Филларион Ф. Фофанофф сморщил свое обширное лицо в гримасе, напоминавшей застывшее землетрясение.

— Давай лучше бросим эти глупые воспоминания.

— Почему? — энергично возразил Генри Тоусенд Трас-тайм. — Если не мы, то кто же вспомнит об этом внутри данного Яйца?

Уколы ностальгии

Да, это она виновата, она, мое незабываемое очарование. Именно Ленка Щевич поневоле, как обычно, начала катить тот снежный ком, Свалку-68.

Генри Трастайм вздохнул, вспоминая хрупкие плечики «своего очарования», вспоминая и самого себя в том году, розовощекого, с обмороженным носом, обмотанного драным оксфордским шарфом. В те времена он неустанно повторял свою любимую фразу: «Все любят "И", а я „И-краткое“!»

— Верно! — рев Филлариона Фофаноффа можно было бы сравнить с одновременным спуском воды в гальюнах авианосца. — Немало мопсов поломали себе носы из-за этой чувихи!

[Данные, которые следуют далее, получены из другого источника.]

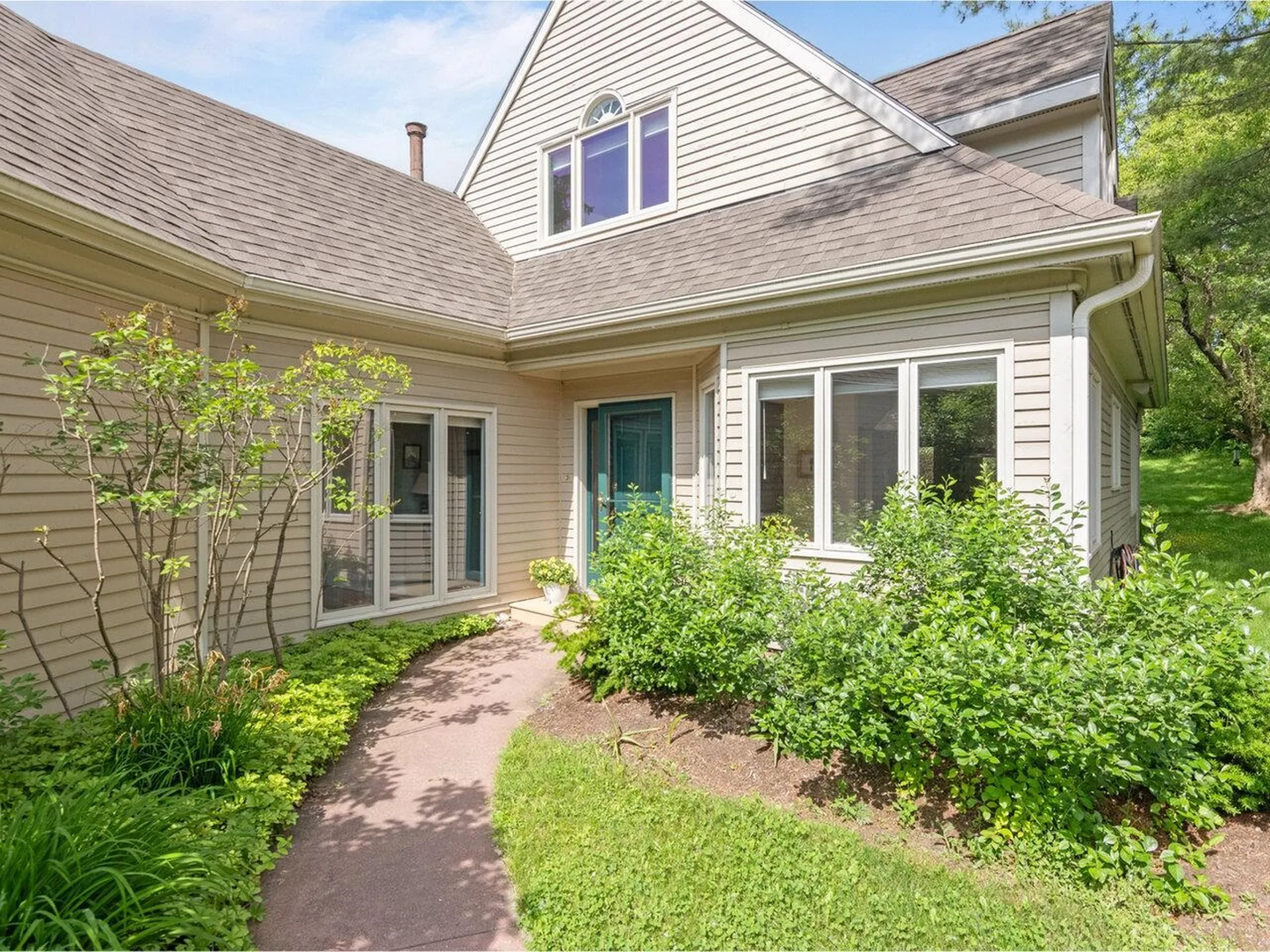 133 Covington Lane Shelburne VT 05482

Он припомнил кристально чистое небо той ночи, столь редкое в загрязненной атмосфере Москвы, когда он стоял на углу Горького и Пушкина, охваченный неудержимым желанием завалиться в ресторан «Искусство», прекрасно понимая, какой опустошительный удар нанесет это желание по его морали, не говоря уже о физиологии и финансах.

В тот же вечер два молодых актера из передового театра «Новый век», Борька Мурзелко и Ленка Щевич, мальчик и девочка, завалились туда же перекусить. В американской пьесе «Качели» укачиваешься до голодного обморока! Ленкины лживые глаза подобны паре голодных калейдоскопов. Слухи о моей распущенности чертовски преувеличены, дорогие братья по ремеслу и друзья советского театра! Некоторые гудилы заходят так далеко, что говорят, будто Ленка играла подводную лодку в компании пяти моряков. Фуй, какой вздор, да ведь это просто немыслимо ни по физическим, ни по моральным стандартам!